_Your objective:_
For the entries that follow, set down each one exactly and drop any pictures.
━━━━━━━━━━
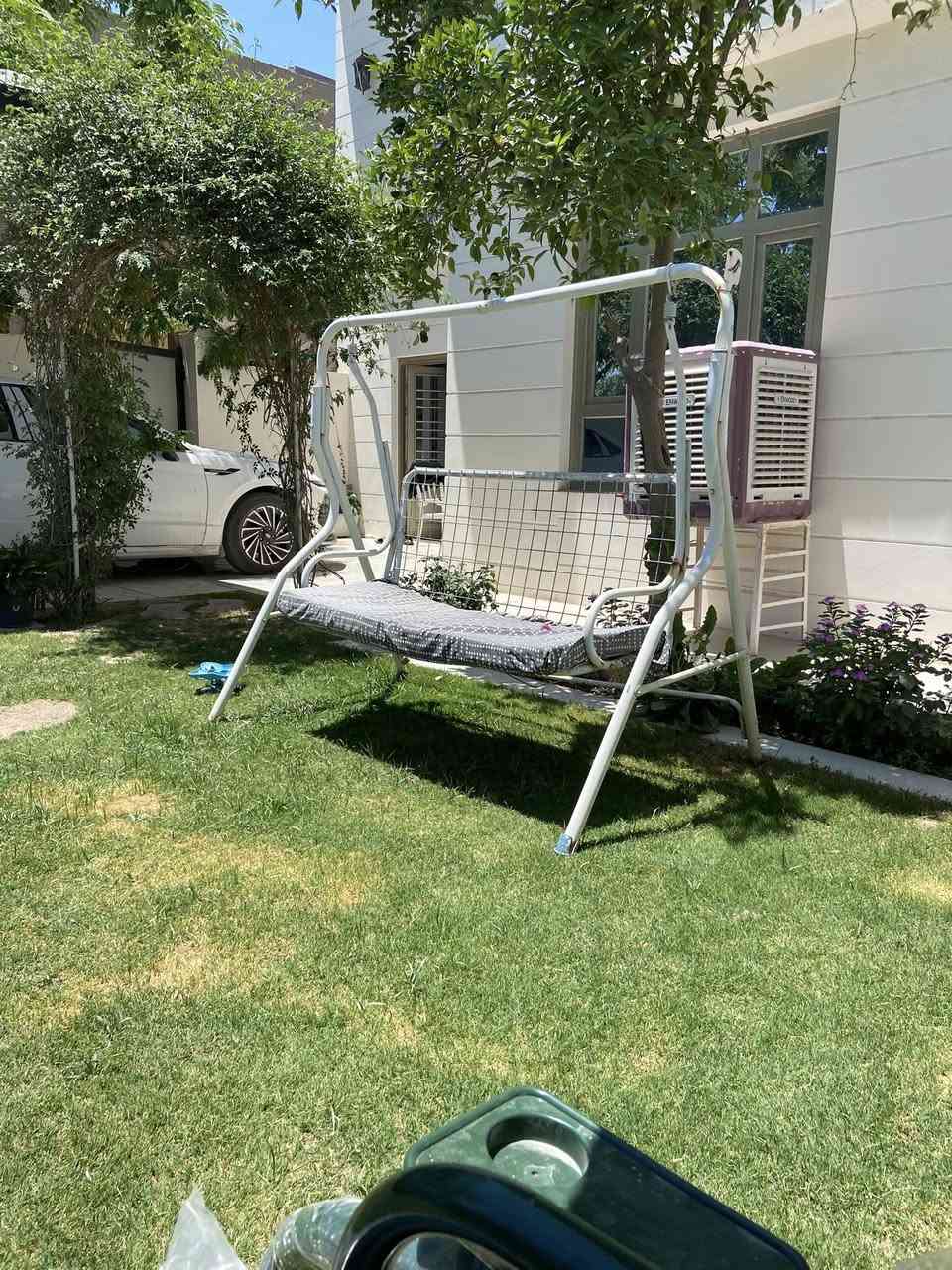 مرجوحه للبيع


**إذا كنت صاحب هذا الإعلان وتريد حذفه لأي سبب، رجاءا أرسل رسالة إلى الدعم الفني**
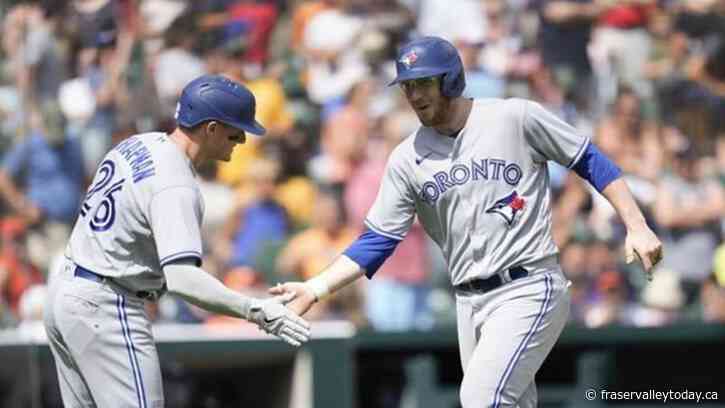 Jansen, Lukes lead Blue Jays to dramatic win over Tigers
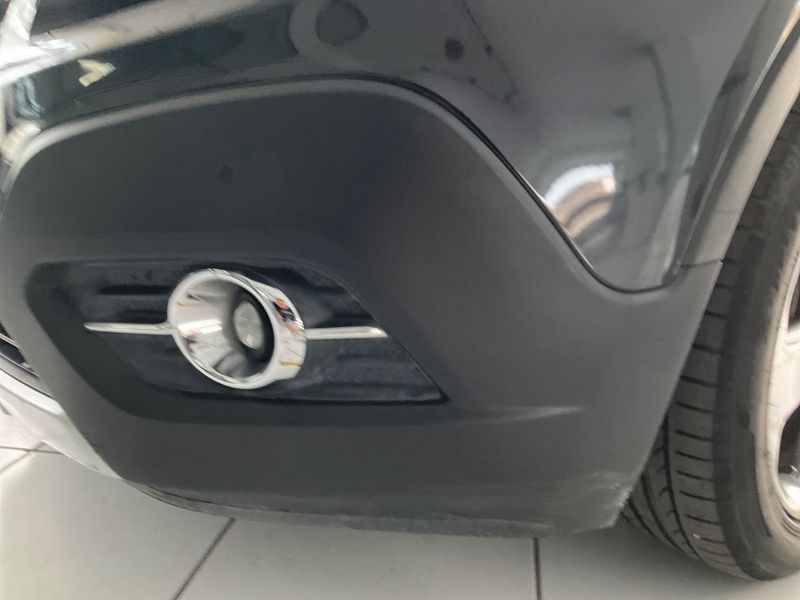 Opel Mokka 1.6 Cosmo ecoFlex 2013 – снимка 29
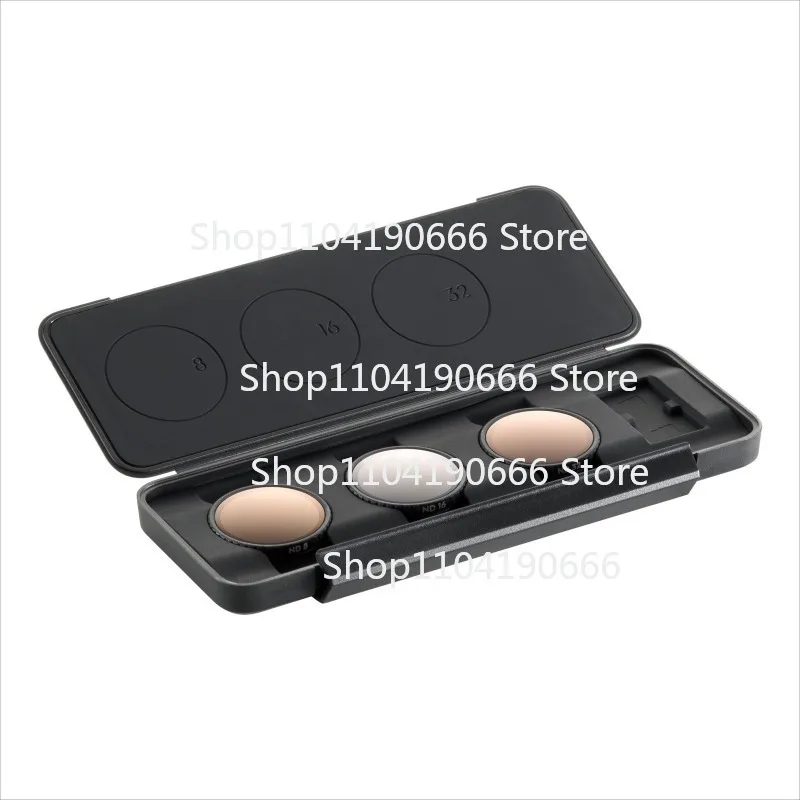 For Osmo Nano Nd Le…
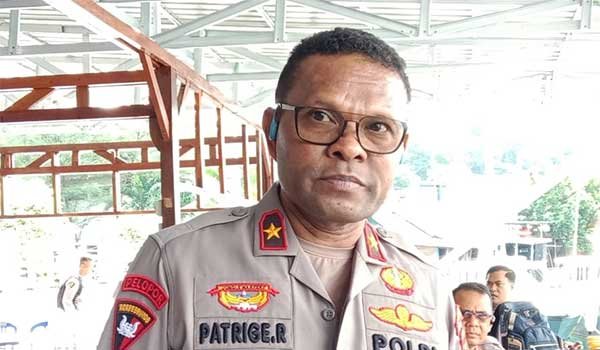 Menolak Aksi Kekerasan OPM, Pemerintah Perkuat Stabilitas Keamanan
━━━━━━━━━━
_Exercise result:_
 مرجوحه للبيع


**إذا كنت صاحب هذا الإعلان وتريد حذفه لأي سبب، رجاءا أرسل رسالة إلى الدعم الفني**
 Jansen, Lukes lead Blue Jays to dramatic win over Tigers
 Opel Mokka 1.6 Cosmo ecoFlex 2013 – снимка 29
 For Osmo Nano Nd Le…
 Menolak Aksi Kekerasan OPM, Pemerintah Perkuat Stabilitas Keamanan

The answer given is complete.